По всей видимости, это была супруга Ивана и мать Дениса. Хотя ручаться не буду, вела она себя так, словно это была её квартира, в общем, чувствовала себя здесь хозяйкой.

Мы в мгновение ока прокачали данные по

личному составу, и вышло, что лезть надо мне. Все прочие были либо слишком дородные, либо старые.

— А что там? — с опаской уточнил я.

— Да кто-то на полу лежит. Дениске показалось, что мертвый, а как там на самом деле — смотреть надо.

— Хорошо, посмотрим…

Перелез я без проблем, даже страховку вязать не стал. Однако в раме на лоджии Катиной квартиры остались стёкла и я немного порезался. Некритично, но кровь капала, надо будет при первом удобном случае перевязаться.

Иван передал мне увесистый молоток с длинной ручкой и напутствовал:

— Если что, круши, не стесняйся! Война всё спишет…

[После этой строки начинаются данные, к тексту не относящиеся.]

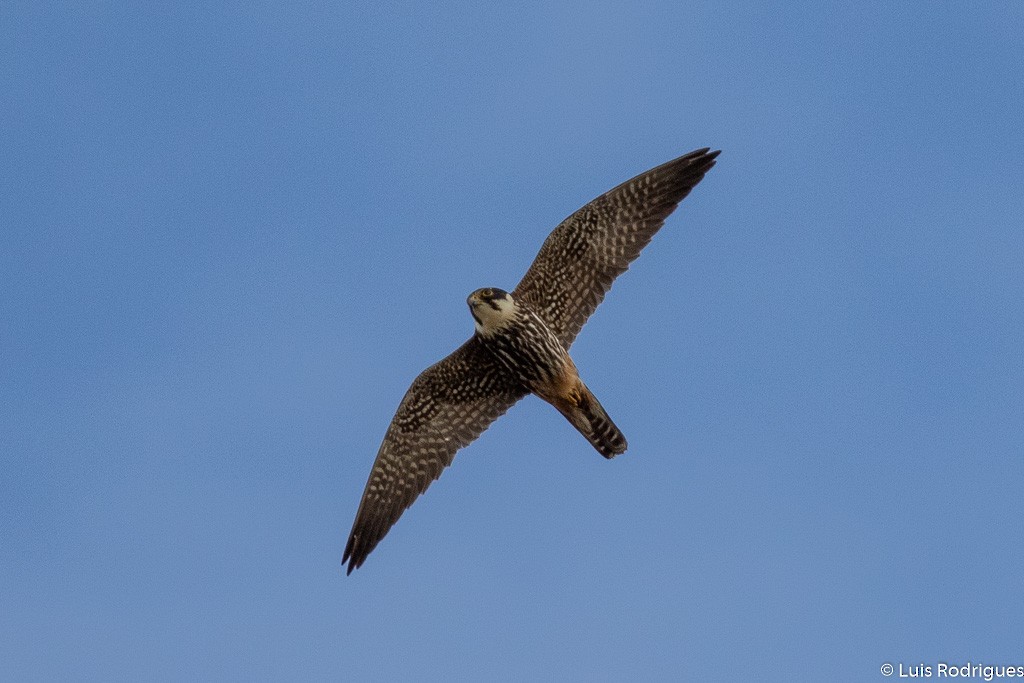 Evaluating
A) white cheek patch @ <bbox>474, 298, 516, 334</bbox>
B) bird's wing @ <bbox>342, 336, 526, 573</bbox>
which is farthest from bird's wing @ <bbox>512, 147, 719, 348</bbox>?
bird's wing @ <bbox>342, 336, 526, 573</bbox>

Через окно было видно, что на полу комнаты лежит женщина. Лежит спиной к окну, свернувшись калачиком и прижав руки к груди. Лица не видно, а пропорции фигуры в таком положении определить проблематично. Рядом валялась опрокинутая набок инвалидная коляска.

Жива женщина или нет — отсюда понять было непросто, но мне показалось, что она не дышит.

Одно было ясно: это не Катя. У женщины на полу была короткая стрижка «под мальчика», а Катя, напомню, являлась счастливой обладательницей роскошной косы до пояса.

— Ну что там? — нетерпеливо спросил Иван.

Я в двух словах рассказал, что вижу.

— Это Шура, Катина мать, — пришёл к выводу Иван. — Давай не стой, круши!

— В смысле?

— Ну, ломай окно, залезай, открой входную дверь, мы зайдём.

— Хорошо.

Крушить не стал, поделикатничал. Квартира Катина, кому-то потом придётся всё здесь восстанавливать, а защёлку балконной двери отремонтировать куда как проще, нежели стеклить целое окно.

Защёлка оказалась хлипкой, дверь распахнулась с одного удара, и я вошёл в комнату.

Слава богу, это была не Катя.

Лицо у женщины было синее, глаза вылезли из обрит, искусанный синюшный язык вывалился наружу. На шее виднелся туго затянутый гардинный шнур с кисточками на концах.

Я не врач, но необходимость проверять пульс отсутствовала, было понятно, что женщина мертва.

В нерешительности и смятении рассматривая покойницу, я соображал, что предпринять в первую очередь: пойти на лоджию и сказать Ивану о страшной находке или открыть входную дверь…

И вдруг услышал некие странные звуки.

Я вышел в прихожую и определил, что звуки доносятся из-за закрытой двери спальни.

Осторожно приоткрыв дверь, заглянул в спальню и застыл как изваяние, поражённый картиной, открывшейся моему взору.

В комнате господствовал густой смрад, состоящий, как мне показалось, из запахов ядрёного пота, экскрементов и блевотины.

Рядом с двуспальной кроватью, на полу, громоздилась куча разного барахла: скомканные и скрученные в жгуты простыни, рваная перина, из которой во все стороны разлетался пух, одеяла, подушки, небрежно разбросанная одежда…

И в этой куче, в самом фокусе всего этого хаоса, слаженно содрогались два обнажённых тела. Слаженно не потому, что между ними был лад и гармония, а потому, что одно тело задавало ритм и напор, а второе, вынужденно, с рабской покорностью, подчинялось направленной в него экспрессии.